Il faut laisser la liberté aux élus. La liberté peut s'organiser ensemble, dans la discussion. On pourrait réorienter le rôle des CDCI : les élus qui ont du mal à se mettre d'accord pour constituer un nouvel ensemble pourraient bénéficier de l'expérience des autres, pour établir une nouvelle dynamique et régler des soucis.

Nous avons vu une expérience remarquable dans le Sud-Ouest : deux communautés de communes avaient été fusionnées, mais les élus ne s'entendaient pas. La bonne idée fut d'en ajouter une troisième pour que l'ambiance s'assagisse...

Il faudrait organiser cela au sein de la CDCI, pour un meilleur partage entre élus et pouvoir aider ceux qui rencontrent des difficultés. Nous devons rester sur un principe de grande liberté avec une analyse très locale. Il faudrait faire ce travail pour les cent départements.

M. François Rebsamen, ministre. - Nous devons avoir en face une organisation territoriale de la République déconcentrée telle que le préfet de département soit l'interlocuteur unique des élus, plutôt que celui qui ne sait pas quelles seront les fermetures de classe, ce qui va se passer dans la culture ou la santé... Des préfets de département peuvent apprendre la fermeture d'un hôpital ou d'une clinique sans avoir été prévenus. Si l'on veut améliorer la gestion locale, les collectivités doivent avoir un interlocuteur compétent en tout, et non pas une multitude d'interlocuteurs distribuant des crédits de l'État, parfois même sans le dire.

M. Clément Pernot. - Ce sont des propos d'expérience.

M. Didier Rambaud. - Lors de la création de cette mission d'information, j'ai toujours dit que vous aviez devant vous un fervent défenseur de l'intercommunalité : j'ai présidé durant dix ans une intercommunalité de 25 000 habitants répartis entre quatorze communes. J'ai vu les bienfaits de l'intercommunalité : il n'y avait pas de médiathèque, de zone d'activité, de service de la petite enfance, etc. Malgré les apports, depuis quelques communes expriment un malaise : les équipements structurants ne peuvent se trouver sur chaque commune et certaines ont l'impression de voir le train passer.

Il faut réfléchir au mode d'élection des conseillers communautaires - même si je sais qu'il est risqué de dire cela au Sénat.

À l'heure des demandes de simplification, il faut réfléchir à l'interconnexion entre le département et les intercommunalités. J'ai été conseiller général et départemental, et j'ai vu la différence entre les deux fonctions. Auparavant, on était élu conseiller général sur la base d'un canton qui correspondait à une histoire et à un bassin de vie. Avec la création des conseillers départementaux, les cantons ont été élargis et sont devenus des circonscriptions électorales et non des bassins de vie.
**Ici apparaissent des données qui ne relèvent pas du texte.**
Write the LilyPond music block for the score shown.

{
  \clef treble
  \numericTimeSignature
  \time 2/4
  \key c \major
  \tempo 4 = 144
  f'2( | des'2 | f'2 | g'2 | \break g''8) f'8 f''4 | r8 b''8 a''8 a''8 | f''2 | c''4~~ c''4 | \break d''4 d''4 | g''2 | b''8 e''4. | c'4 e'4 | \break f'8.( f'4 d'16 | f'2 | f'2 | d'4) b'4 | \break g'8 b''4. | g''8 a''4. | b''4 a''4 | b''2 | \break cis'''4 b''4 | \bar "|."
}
Le département ne devrait-il pas devenir une fédération des intercommunalités ?

En Isère, nous avons un paysage intercommunal bien construit. Les intercommunalités correspondent à des réalités. N'est-ce pas une solution pour simplifier ? Entre l'intercommunalité et le département, la liaison est évidente en matière de solidarité territoriale et sociale.

M. François Rebsamen, ministre. - J'ai des relations de qualité avec toutes les strates de collectivité, et j'essaie de les conserver... Votre piste est intéressante. Pourquoi pas un jour ? Cela rejoint le débat sur le conseiller territorial ; je vous renvoie donc à l'après élection présidentielle.

Nous n'aurons pas le temps de décider de changements importants comme la fédération d'intercommunalités ou le conseiller territorial avant les élections. C'est un choix de la nation. On pourrait en décider par référendum.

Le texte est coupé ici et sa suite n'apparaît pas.